Problem details: Reproduce the entries from their first line up to and including the line with "Software Developer Working". Leave out everything after it.
- Opening Delimiter -
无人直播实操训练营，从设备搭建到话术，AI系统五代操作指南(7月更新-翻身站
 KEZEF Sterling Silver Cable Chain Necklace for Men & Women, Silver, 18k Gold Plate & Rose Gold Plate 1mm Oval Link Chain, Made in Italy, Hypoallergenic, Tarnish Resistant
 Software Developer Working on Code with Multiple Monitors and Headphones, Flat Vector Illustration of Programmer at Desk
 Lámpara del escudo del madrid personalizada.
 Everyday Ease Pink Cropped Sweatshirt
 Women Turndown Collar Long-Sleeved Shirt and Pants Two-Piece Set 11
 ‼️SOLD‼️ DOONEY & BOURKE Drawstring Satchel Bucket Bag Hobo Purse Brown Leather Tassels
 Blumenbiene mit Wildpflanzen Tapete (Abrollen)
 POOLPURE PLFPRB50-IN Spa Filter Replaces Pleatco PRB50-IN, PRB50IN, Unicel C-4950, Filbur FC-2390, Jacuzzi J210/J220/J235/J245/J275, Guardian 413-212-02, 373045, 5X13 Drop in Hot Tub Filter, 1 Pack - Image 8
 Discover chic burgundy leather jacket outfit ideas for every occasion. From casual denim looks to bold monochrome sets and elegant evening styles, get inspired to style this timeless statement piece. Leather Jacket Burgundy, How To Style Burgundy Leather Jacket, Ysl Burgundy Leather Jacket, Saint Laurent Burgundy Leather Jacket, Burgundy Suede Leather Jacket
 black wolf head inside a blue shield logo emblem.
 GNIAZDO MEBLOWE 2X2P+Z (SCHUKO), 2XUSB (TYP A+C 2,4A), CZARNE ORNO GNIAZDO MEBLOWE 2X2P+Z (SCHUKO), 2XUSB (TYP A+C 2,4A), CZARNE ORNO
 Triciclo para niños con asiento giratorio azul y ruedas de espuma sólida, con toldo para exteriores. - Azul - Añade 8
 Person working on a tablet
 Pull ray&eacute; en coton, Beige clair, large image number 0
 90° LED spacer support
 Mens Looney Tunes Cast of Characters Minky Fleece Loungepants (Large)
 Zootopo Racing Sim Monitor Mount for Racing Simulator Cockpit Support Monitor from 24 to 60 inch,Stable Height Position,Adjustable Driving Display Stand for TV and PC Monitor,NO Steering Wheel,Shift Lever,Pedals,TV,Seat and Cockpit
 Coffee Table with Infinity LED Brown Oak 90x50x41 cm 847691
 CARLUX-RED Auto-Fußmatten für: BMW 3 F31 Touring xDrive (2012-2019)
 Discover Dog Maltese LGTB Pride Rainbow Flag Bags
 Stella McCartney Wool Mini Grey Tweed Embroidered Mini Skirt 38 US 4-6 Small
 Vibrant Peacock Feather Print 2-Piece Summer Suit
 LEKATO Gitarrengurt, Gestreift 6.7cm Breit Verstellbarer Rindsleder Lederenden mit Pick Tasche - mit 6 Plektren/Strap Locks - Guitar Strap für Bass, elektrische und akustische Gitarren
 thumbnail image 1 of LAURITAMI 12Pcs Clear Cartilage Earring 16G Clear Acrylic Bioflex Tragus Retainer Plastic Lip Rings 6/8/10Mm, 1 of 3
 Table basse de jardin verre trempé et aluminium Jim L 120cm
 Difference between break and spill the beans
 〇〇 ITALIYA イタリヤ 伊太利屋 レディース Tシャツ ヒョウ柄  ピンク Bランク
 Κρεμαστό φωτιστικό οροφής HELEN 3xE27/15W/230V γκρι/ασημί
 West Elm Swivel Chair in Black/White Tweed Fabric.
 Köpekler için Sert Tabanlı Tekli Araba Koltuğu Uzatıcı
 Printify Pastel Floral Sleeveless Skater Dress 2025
- Closing Delimiter -
Your solution:
无人直播实操训练营，从设备搭建到话术，AI系统五代操作指南(7月更新-翻身站
 KEZEF Sterling Silver Cable Chain Necklace for Men & Women, Silver, 18k Gold Plate & Rose Gold Plate 1mm Oval Link Chain, Made in Italy, Hypoallergenic, Tarnish Resistant
 Software Developer Working on Code with Multiple Monitors and Headphones, Flat Vector Illustration of Programmer at Desk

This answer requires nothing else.